On Thursday morning we woke up to the news that Tūranga-nui-a-Kiwa and Ngati Porou was flooded and roads blocked including Napier to Wairoa roads, isolating Gisborne and Wairoa.
This brought in the focus about the issues of the Three Waters reform – Three Waters that this Government is pursuing and my role in being on the national working group.
In our history and tradition, we ask three important questions when we meet for the first time or when we introduce anything new into our communities or into our whānau.
Those questions are Ko wai? nō wai? and mō wai?. The most visible portrayal of these three questions is when opening a new whare, but it's also intrinsic in our greeting of each other.
Ko wai? Means who are you?

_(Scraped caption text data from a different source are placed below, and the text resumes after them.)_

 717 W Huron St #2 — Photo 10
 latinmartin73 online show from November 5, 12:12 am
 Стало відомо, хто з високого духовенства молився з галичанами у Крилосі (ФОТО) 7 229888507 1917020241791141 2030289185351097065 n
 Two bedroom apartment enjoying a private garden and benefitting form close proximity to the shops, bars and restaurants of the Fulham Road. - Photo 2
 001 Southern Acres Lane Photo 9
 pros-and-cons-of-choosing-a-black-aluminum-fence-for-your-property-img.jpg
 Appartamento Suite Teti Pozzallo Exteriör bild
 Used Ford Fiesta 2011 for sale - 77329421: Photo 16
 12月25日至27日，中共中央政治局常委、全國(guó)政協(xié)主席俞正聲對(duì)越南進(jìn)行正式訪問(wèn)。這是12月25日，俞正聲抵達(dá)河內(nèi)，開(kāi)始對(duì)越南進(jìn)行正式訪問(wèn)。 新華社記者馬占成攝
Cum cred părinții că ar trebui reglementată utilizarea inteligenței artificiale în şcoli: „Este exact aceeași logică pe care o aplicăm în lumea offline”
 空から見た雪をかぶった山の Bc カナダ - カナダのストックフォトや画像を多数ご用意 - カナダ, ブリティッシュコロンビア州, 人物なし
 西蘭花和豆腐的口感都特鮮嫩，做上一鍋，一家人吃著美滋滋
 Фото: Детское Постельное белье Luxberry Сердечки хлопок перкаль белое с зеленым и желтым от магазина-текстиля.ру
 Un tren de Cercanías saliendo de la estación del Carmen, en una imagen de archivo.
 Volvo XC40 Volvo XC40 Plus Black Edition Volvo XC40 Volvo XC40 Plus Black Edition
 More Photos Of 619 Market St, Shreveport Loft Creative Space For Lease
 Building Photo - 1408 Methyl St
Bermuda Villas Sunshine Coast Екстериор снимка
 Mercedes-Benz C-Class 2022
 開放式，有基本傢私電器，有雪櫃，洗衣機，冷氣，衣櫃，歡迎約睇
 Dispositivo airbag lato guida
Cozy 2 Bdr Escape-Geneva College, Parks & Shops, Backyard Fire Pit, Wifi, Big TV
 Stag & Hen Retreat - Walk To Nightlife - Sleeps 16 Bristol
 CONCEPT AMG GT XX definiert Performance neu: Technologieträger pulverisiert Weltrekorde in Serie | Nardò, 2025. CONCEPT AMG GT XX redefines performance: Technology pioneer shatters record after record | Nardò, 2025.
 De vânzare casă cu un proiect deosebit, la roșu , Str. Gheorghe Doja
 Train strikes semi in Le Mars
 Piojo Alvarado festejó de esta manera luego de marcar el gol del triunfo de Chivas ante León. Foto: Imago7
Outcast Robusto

What is your whakapapa? What are the wai or the waters that birthed you? What is your matriarchal lineage? Whose womb did you emerge from? What is your whakapapa on your mother's side and your father's side? Who are your grandparents? And what is your name?.
Suddenly we start to lock a person into a tapestry of whānau, especially back to parents and grandparents and tipuna. From this question, we start making connections.
No wai? Means where are you from? Which waters sustained your whānau, your hapū, your iwi and your waka? What was the spring, the lake, the river or the seas that sustained your community?. From there we start connecting the personal whakapapa to a place and a time that we can all connect back to.
The third question is mō wai? Based on your watery origins, the question asks what you stand for and asks how you will protect these waters that you move through your life and asks how you will pass on your legacy to the next generation through the womb of the mother to the womb of the land Papatuanuku, to the wombs of the future.
Ko wai? nō wai? mō wai?
My participation in the Three Waters national group has been to ask these questions of ourselves as a country as these are the initial three waters that we as Māori subscribe to and we are kaitiaki of.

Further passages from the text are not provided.